[FLINK-2138] Added custom partitioning to DataStream #872

gaborhermann · 2015-06-26T16:36:09Z

Custom partitioning added to DataStream in order to be more consistent with the batch API.

gyfora · 2015-06-26T18:55:31Z

Wouldn't it make sense to implement custom partitioning in a way that it allows to return a array of indexes like in the ChannelSelector interface? Returning only 1 index limits the partitioning very much.

Maybe the users could implement a ChannelSelector and we would wrap that.

gaborhermann · 2015-06-27T17:12:48Z

I guess it is easier for the users to understand and partitioning to multiple channels at a time is rarely needed. Is there a use-case where it is needed?

It should be consistent with the batch API in my opinion. Let's start a discussion about this if we would like to change the custom partitioning.

gyfora · 2015-06-27T17:30:55Z

I think I could find several use cases if I wanted to :) For example I would often like to broadcast some model information to many downstream operators at once. (not exactly broadcast ,maybe only to a couple of them)

Also even this does not give full flexibility.
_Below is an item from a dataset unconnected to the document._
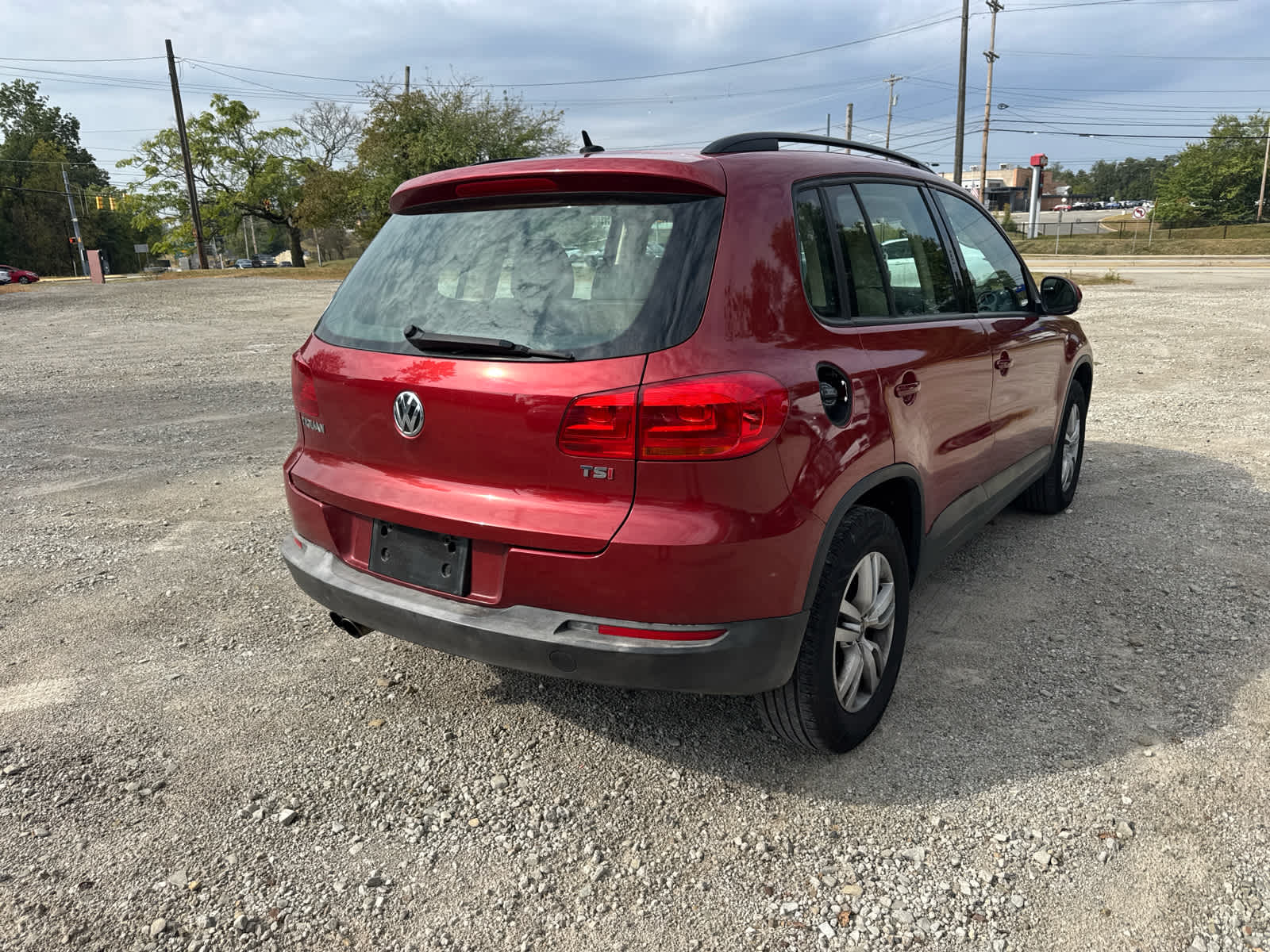 2016 Volkswagen Tiguan R-Line SEL photo 7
Imagine a scenario where I have a self loop, and I want to send something to all others (except myself), to do this I would also need to know my own channel index...

StephanEwen · 2015-06-29T08:45:39Z

I actually like this approach. We had the same discussion for the batch API and resolved to this, because:

You can always chain a FlatMapFunction with a partitionCustom() request to solve all the above situations.
This interface allows easy Java8-lambda implementation and it works well with the type extraction.
It seems to cover the majority of cases more elegantly, as there is no need for array wrapping in the user code.

gaborhermann · 2015-06-29T12:53:41Z

By the way, in the Scala DataSet the user should specify the Java Partitioner[K] class. Wouldn't it be more convenient to wrap a function like (K, Int) => Int into a Partitioner[K] similarly to the KeySelector?

StephanEwen · 2015-06-29T12:57:20Z

In the batch API, equality of the partitioners is used to determine compatibility of the partitioning. This may at some point become interesting for the streaming API as well.

In any case, let's pick one of the two variants (function of partitioner implementation). Overloading the methods too much with equally powerful variants inevitable confuses users.

gaborhermann · 2015-06-29T13:58:06Z

I'd prefer the function implementation (like (K, Int) => Int), but it should stay consistent with the batch API. I don't see why the wrapping would effect the compatibility checking of the partitioning.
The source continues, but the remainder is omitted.